- **WHAT TO DO**:
Repeat the records word for word, excluding any picture.

# # # # # # #

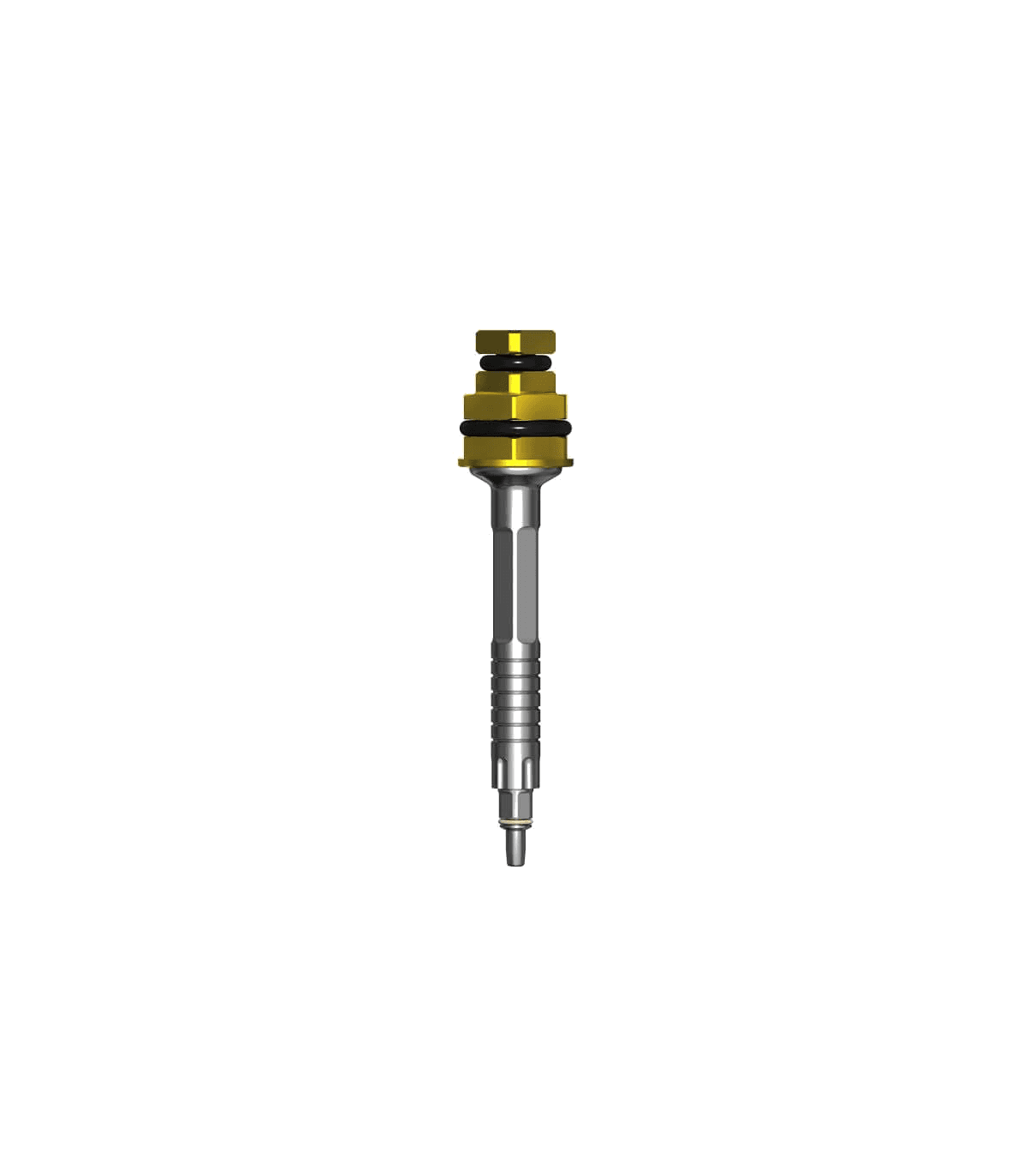 Implant Mount CHC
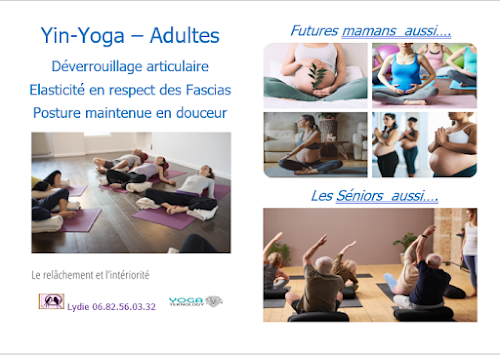 Centre de yoga Yoga-Arles-Monplaisir Arles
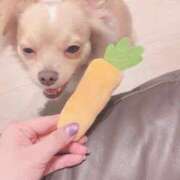 ヒメ日記 2025/09/08 21:12 投稿 ねむ マリン千姫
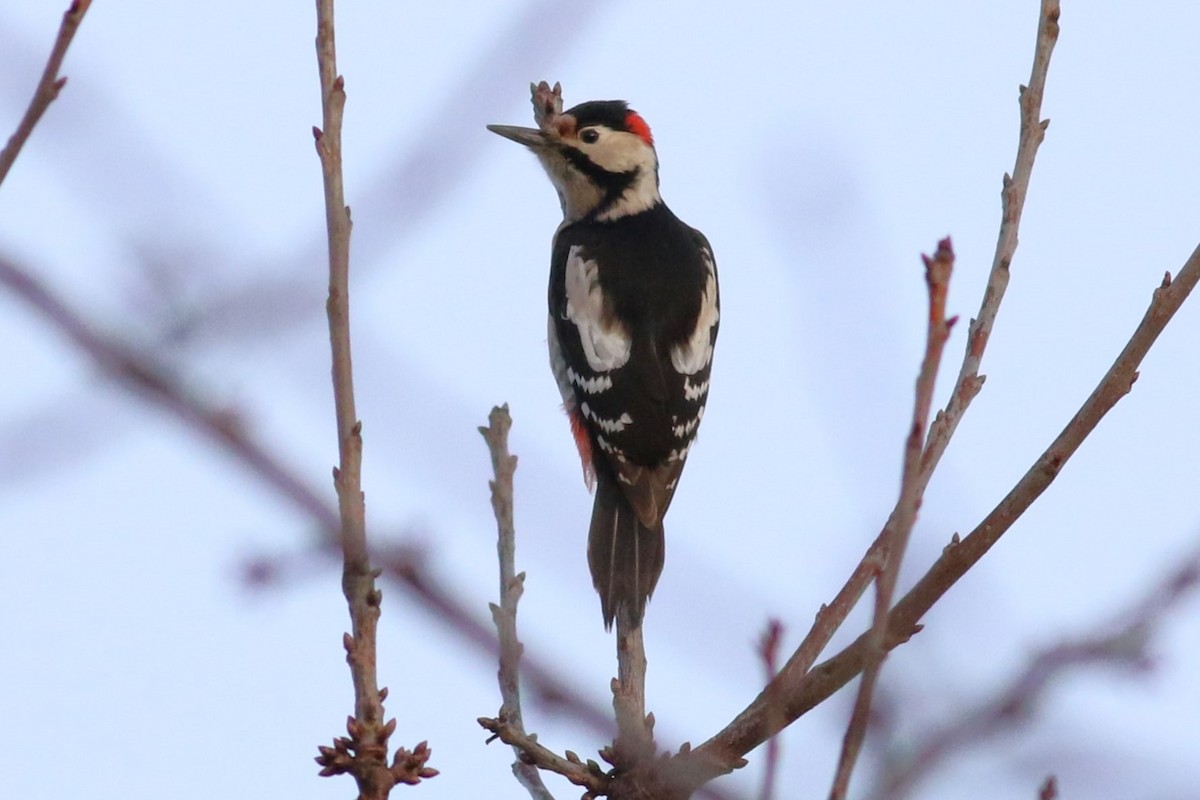 Syrian Woodpecker - ML614655829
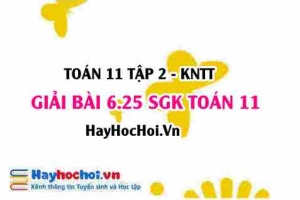 Bài 6.25 SGK Toán 11 Tập 2 Kết nối tri thức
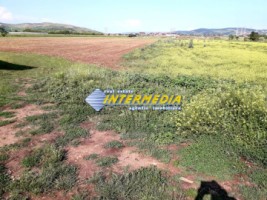 teren-intravilan-de-vanzare-3550-mp-alba-micesti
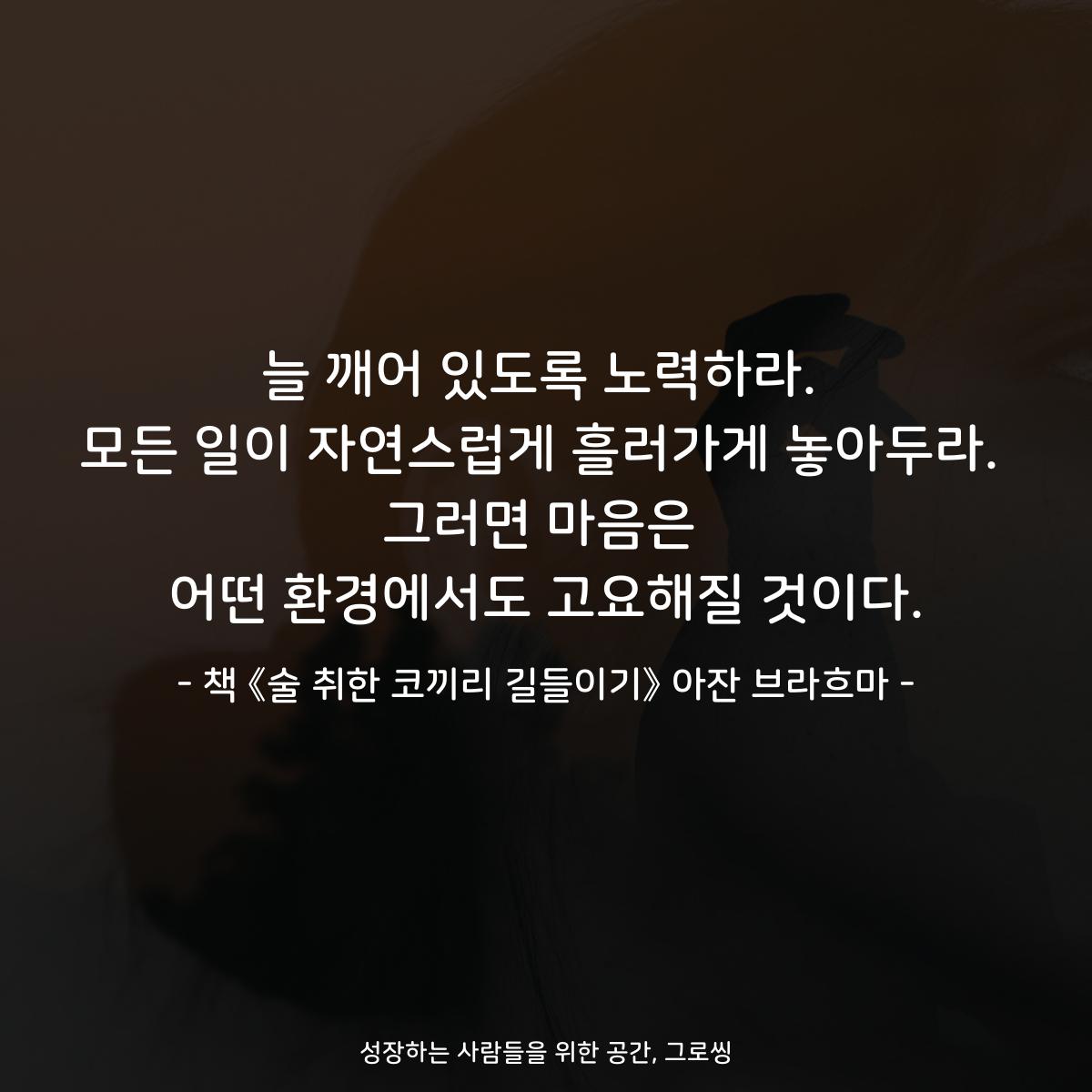 늘 깨어 있도록 노력하라.
모든 일이 자연스럽게 흘러가게 놓아두라.
그러면 마음은
어떤 환경에서도 고요해질 것이다.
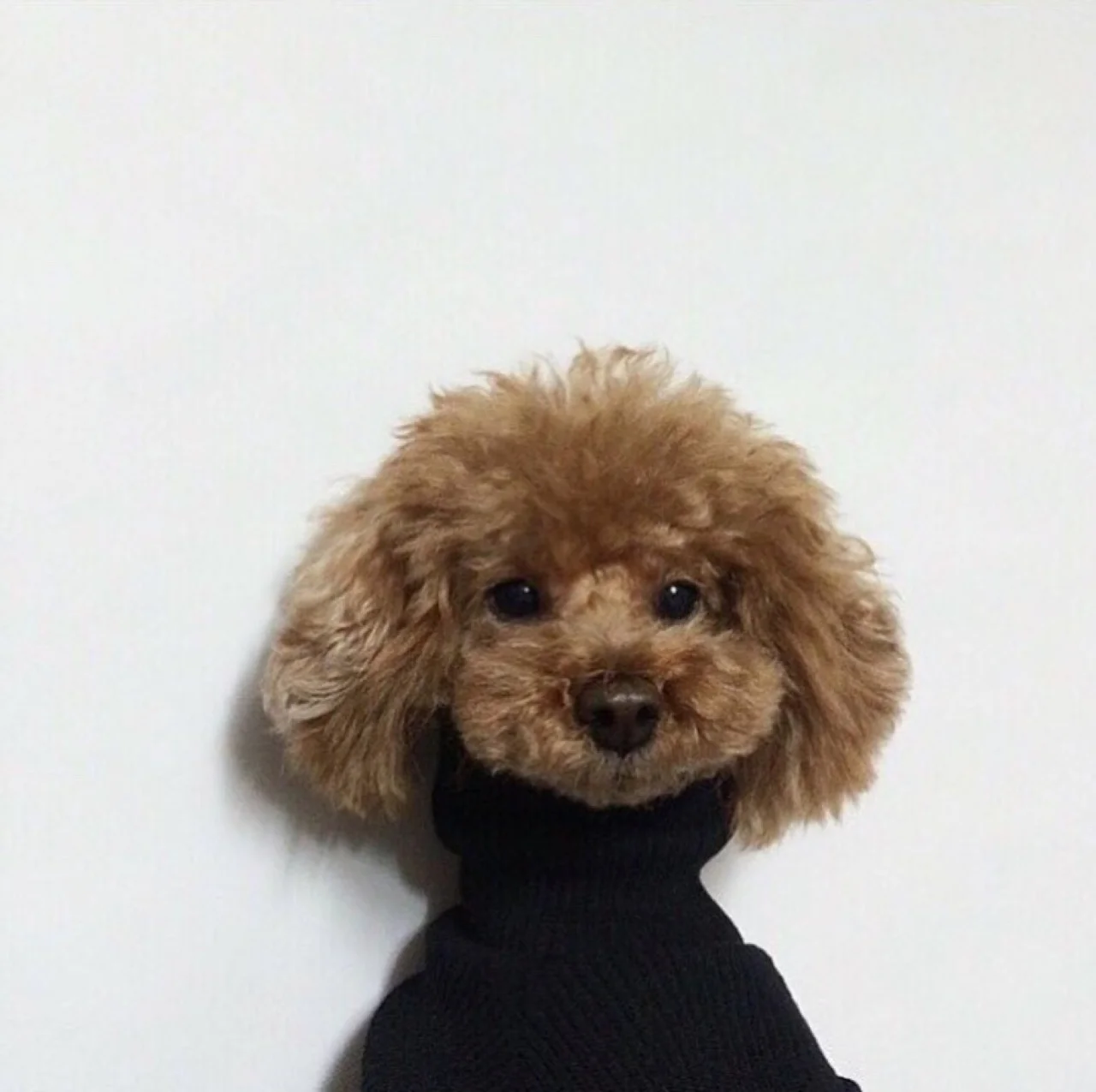 acehotel:

Happy winter, babies.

# # # # # # #

- **WRITTEN ANSWER**:
 Implant Mount CHC
 Centre de yoga Yoga-Arles-Monplaisir Arles
 ヒメ日記 2025/09/08 21:12 投稿 ねむ マリン千姫
 Syrian Woodpecker - ML614655829
 Bài 6.25 SGK Toán 11 Tập 2 Kết nối tri thức
 teren-intravilan-de-vanzare-3550-mp-alba-micesti
 늘 깨어 있도록 노력하라.
모든 일이 자연스럽게 흘러가게 놓아두라.
그러면 마음은
어떤 환경에서도 고요해질 것이다.
 acehotel:

Happy winter, babies.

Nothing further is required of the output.